Ron Paul’s “End the Fed” arrived in 2009 at a moment when the American monetary system teetered on the edge of collapse, yet most citizens remained oblivious to the counterfeiting operation running their economy. The Federal Reserve, that peculiar creature born in secrecy on Jekyll Island in 1910, had managed to destroy 96% of the dollar’s value since 1913 while convincing the public that inflation was as natural as rain. Paul, a Texas congressman who spent decades as a lonely voice questioning Fed chairmen in committee hearings, wrote from the intersection of personal conviction and political experience—he’d actually confronted Greenspan about his philosophical betrayal, pressed Bernanke about housing bubbles before they burst, and watched his warnings dismissed as the ravings of a crank. The book read like a criminal indictment written by someone who’d been documenting the crime for thirty years, building his case from childhood memories of penny collecting through his discovery of Austrian economics to his final realization that the Fed wasn’t failing at its stated goals—it was succeeding magnificently at its real purpose: enriching banks while enslaving everyone else through debt and inflation.
The mechanics of this theft were both simple and diabolical. When the Fed created money from nothing—and by 2009 they were creating trillions—they weren’t producing wealth but stealing it from every person holding dollars. The newly conjured money flowed first to primary dealer banks at virtually zero interest, who then lent it out at higher rates or gambled in markets, spending it before prices rose. By the time this money trickled down to workers through wages, prices had already increased, meaning regular people were always behind, always poorer in real terms. Paul traced this process through American history, from the First and Second Banks of the United States through the Fed’s founding by a cabal of bankers literally conspiring at a secret meeting, to Nixon’s 1971 abandonment of the gold standard that removed the last restraint on money printing. The housing bubble that had just burst wasn’t some mysterious market failure—it was the predictable result of Greenspan and Bernanke’s deliberate inflation, their response to each crisis being more of the poison that caused it.
The constitutional case against the Fed should have been enough to end it immediately. The Founders, having lived through the Continental dollar’s collapse, explicitly required gold and silver as legal tender and never granted Congress power to delegate money creation to a private banking cartel. Every Federal Reserve Note was a violation of Article I, Section 10, every act of money creation a form of illegal counterfeiting that would land anyone else in prison. Paul showed how the Supreme Court had twisted the Constitution through cases like McCulloch v. Maryland, inventing “implied powers” that turned the document from a restraint on government into a blank check. Yet Congress loved this arrangement because it let them spend without taxing, fund wars without asking voters, and create welfare programs without admitting their true cost. The Fed enabled what the Constitution was designed to prevent: unlimited government growth through the hidden tax of inflation.
Analogy
Imagine you live in a town where one family owns the only water well. This family has the magical power to create as much water as they want from nothing—not by finding new sources or purifying it, but just by declaring it exists. At first, this seems wonderful. Water is plentiful, everyone’s lawns are green, pools are full, and the town prospers. The family that controls the well becomes incredibly wealthy and powerful, as does anyone who befriends them, because they get first access to the new water before everyone else knows it exists.

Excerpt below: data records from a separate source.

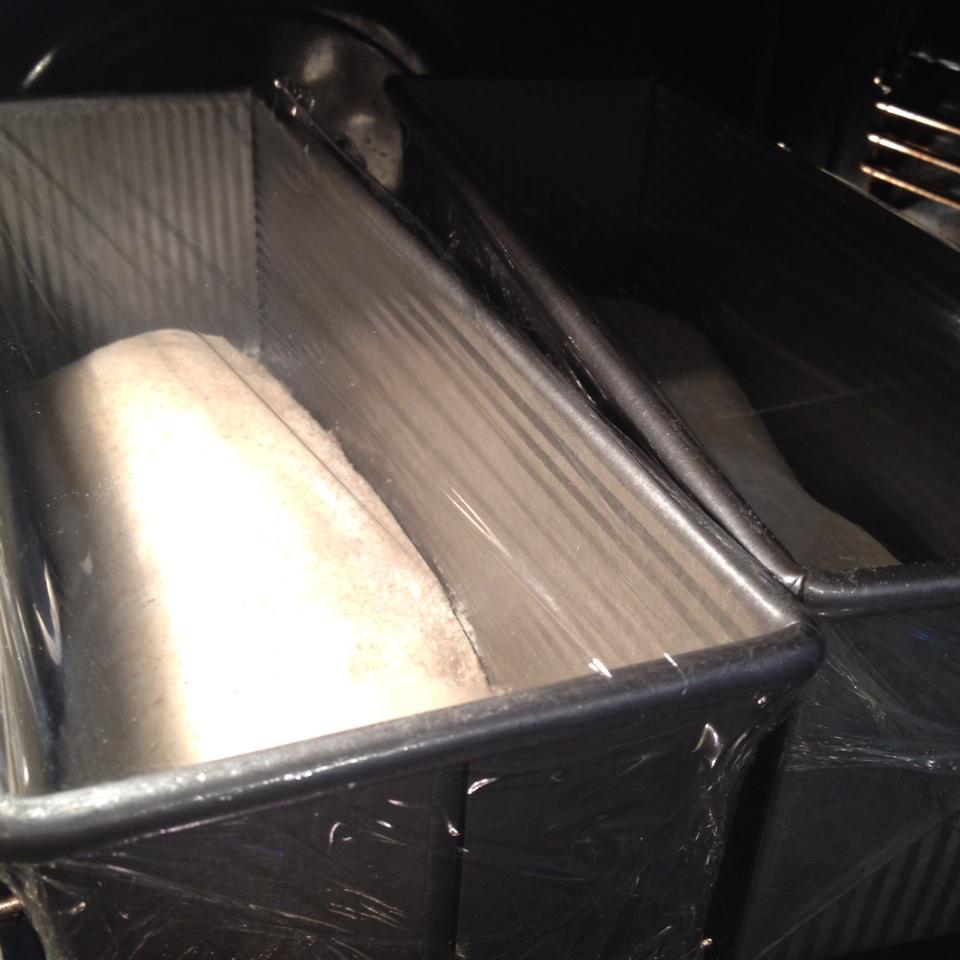 ChezPain's tweet photo. Pain de Mie, 2nd attempt. Same formula, different method - mix, ferment, timing, proof - all different. #breadalchemy http://t.co/dYuSqQnu50
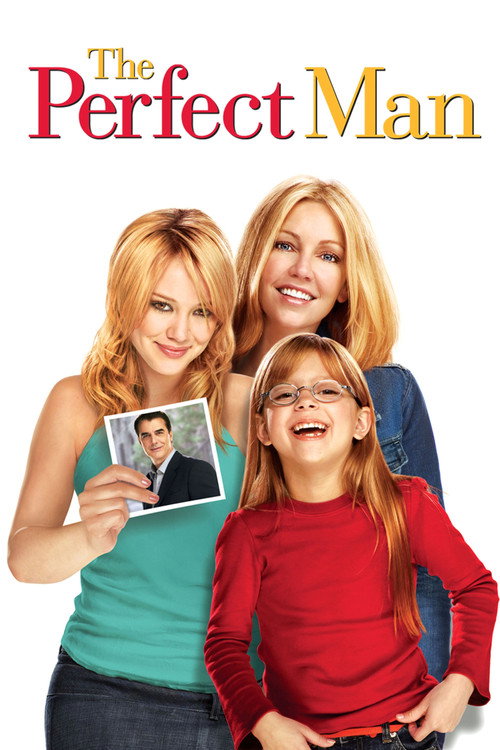 پوستر The Perfect Man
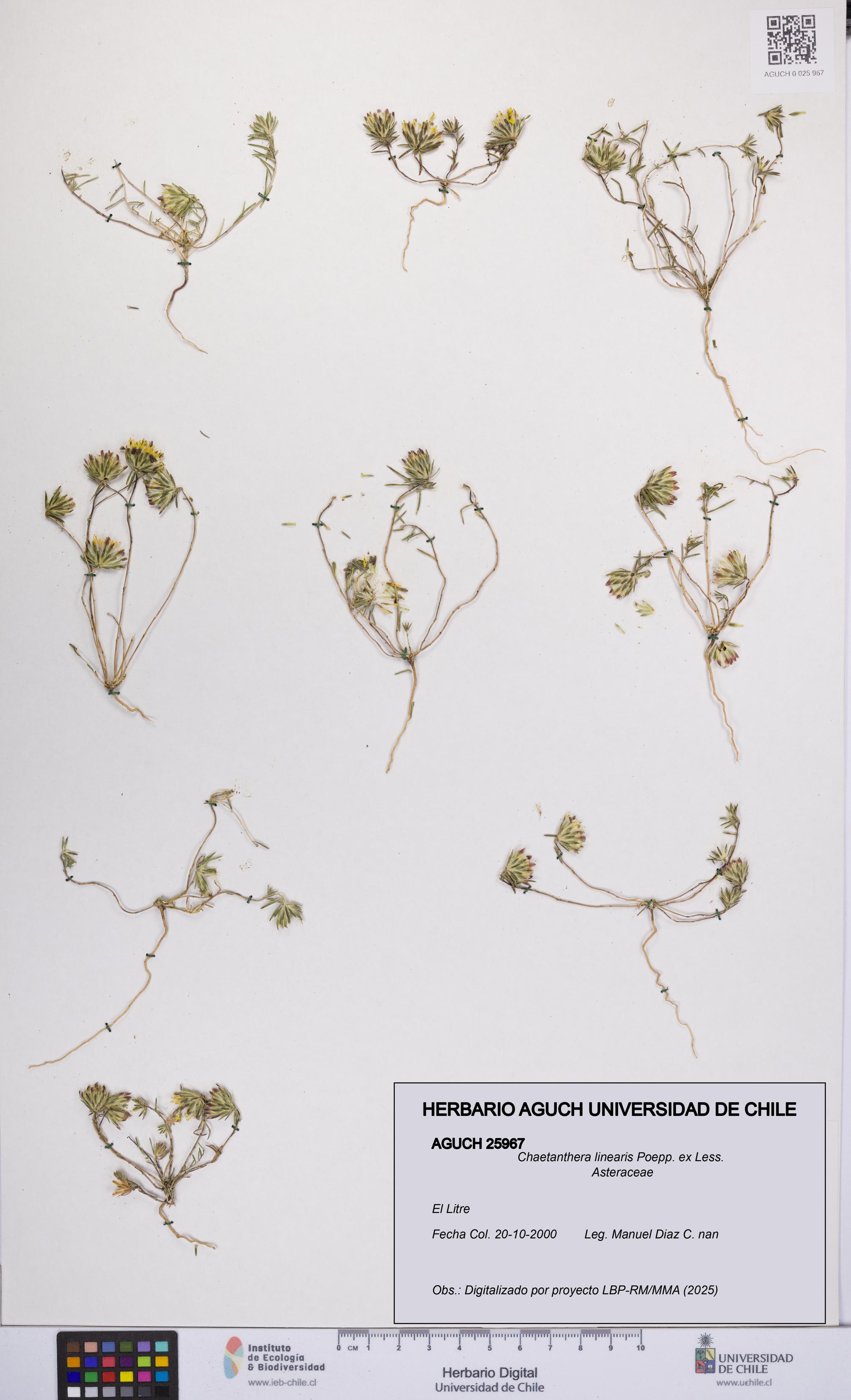 Chaetanthera linearis [Espécimen: UCH:AGUCH:0025967]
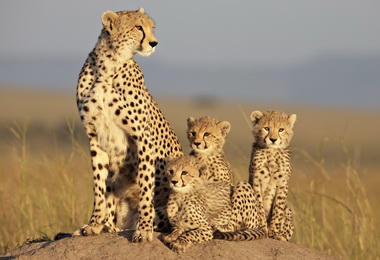 台灣野望國際自然影展8月2日上映(圖)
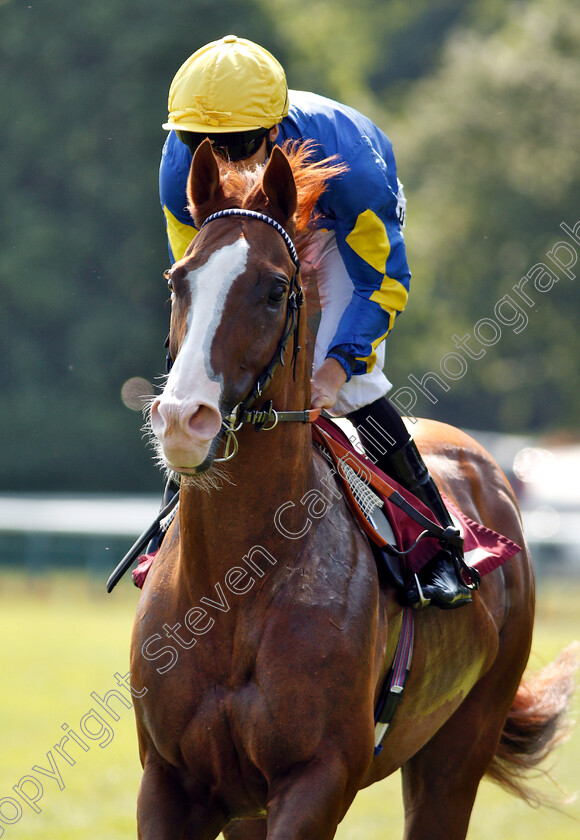 Doctor-Sardonicus-0002 
 DOCTOR SARDONICUS (Martin Harley)
Haydock 26 May 2018 - Pic Steven Cargill / Racingfotos.com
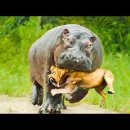 45 Times Animals Messed with Wrong Opponents! 이미지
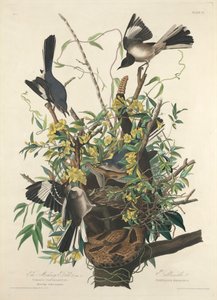 Posměvavý pták od John James (after) Audubon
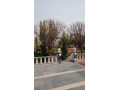 llbyaa-fyla-fy-khan-alshyh-ryf-dmshk-small-5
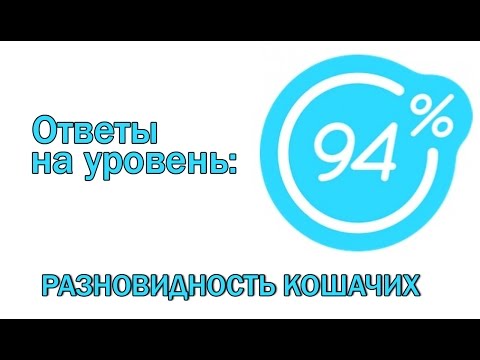 Видео: Игра 94 процента ответы на 9 уровень РАЗНОВИДНОСТЬ КОШАЧИХ. Ответы на игру 94%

But here’s the catch: the more water this family creates from nothing, the less valuable all existing water becomes. Soon, it takes two buckets to buy what one bucket bought before. Then five. Then ten. People who saved water in tanks for their retirement find it’s now worthless. Meanwhile, the well-owning family and their friends already traded their early access to the new water for real goods—land, houses, businesses—before prices adjusted. Even worse, when their friends make bad business decisions and waste enormous amounts of water, the well family just creates more to bail them out, diluting everyone else’s water even further. The town government loves this arrangement because they can promise voters unlimited water for fountains, pools, and parks without raising taxes—they just have the well family create more. When citizens finally realize they’re being robbed and demand answers about how much water is being created and who’s getting it, the well family says it’s “too complicated” for regular people to understand and revealing the information would be “counterproductive.” This is exactly what the Federal Reserve does with money—creating it from nothing, enriching those with first access, destroying savings through dilution, enabling government excess, and operating in complete secrecy while pretending it’s all for the common good.
The One-Minute Elevator Explanation
The Federal Reserve is essentially a money-counterfeiting operation that Congress created in 1913, giving a banking cartel the exclusive power to create dollars from nothing. When they print money—nowadays just typing numbers into computers—they’re not creating wealth, they’re stealing it from everyone who has saved dollars, like a thief who sneaks into your house and takes half the value from your wallet while you sleep. This fake money causes booms when everyone feels rich borrowing and spending what doesn’t really exist, followed by devastating busts when reality reasserts itself—think the housing crash of 2008. The Fed enables endless wars and welfare programs by printing whatever the government wants to spend, making every American poorer through the hidden tax of inflation. The solution is simple: end the Fed, restore sound money that government can’t print, and force politicians to be honest about what things actually cost instead of paying for everything with the counterfeit money machine.